Whatever appears in the entries must be given again exactly.

Records from a collection:
══════
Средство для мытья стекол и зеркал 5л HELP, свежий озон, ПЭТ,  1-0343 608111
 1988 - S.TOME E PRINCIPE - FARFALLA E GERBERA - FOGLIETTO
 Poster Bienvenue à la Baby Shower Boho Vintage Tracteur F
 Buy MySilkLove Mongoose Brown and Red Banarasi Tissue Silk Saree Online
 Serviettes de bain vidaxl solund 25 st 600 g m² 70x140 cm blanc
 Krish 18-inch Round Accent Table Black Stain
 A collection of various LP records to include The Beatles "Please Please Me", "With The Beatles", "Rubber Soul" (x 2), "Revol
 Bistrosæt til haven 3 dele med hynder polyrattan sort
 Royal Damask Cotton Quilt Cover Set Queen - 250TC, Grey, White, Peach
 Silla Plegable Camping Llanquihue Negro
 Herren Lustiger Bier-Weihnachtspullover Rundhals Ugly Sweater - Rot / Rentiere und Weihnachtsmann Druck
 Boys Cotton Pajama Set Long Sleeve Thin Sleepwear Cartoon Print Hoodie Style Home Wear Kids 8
══════
### [WRITTEN ANSWER]
Средство для мытья стекол и зеркал 5л HELP, свежий озон, ПЭТ,  1-0343 608111
 1988 - S.TOME E PRINCIPE - FARFALLA E GERBERA - FOGLIETTO
 Poster Bienvenue à la Baby Shower Boho Vintage Tracteur F
 Buy MySilkLove Mongoose Brown and Red Banarasi Tissue Silk Saree Online
 Serviettes de bain vidaxl solund 25 st 600 g m² 70x140 cm blanc
 Krish 18-inch Round Accent Table Black Stain
 A collection of various LP records to include The Beatles "Please Please Me", "With The Beatles", "Rubber Soul" (x 2), "Revol
 Bistrosæt til haven 3 dele med hynder polyrattan sort
 Royal Damask Cotton Quilt Cover Set Queen - 250TC, Grey, White, Peach
 Silla Plegable Camping Llanquihue Negro
 Herren Lustiger Bier-Weihnachtspullover Rundhals Ugly Sweater - Rot / Rentiere und Weihnachtsmann Druck
 Boys Cotton Pajama Set Long Sleeve Thin Sleepwear Cartoon Print Hoodie Style Home Wear Kids 8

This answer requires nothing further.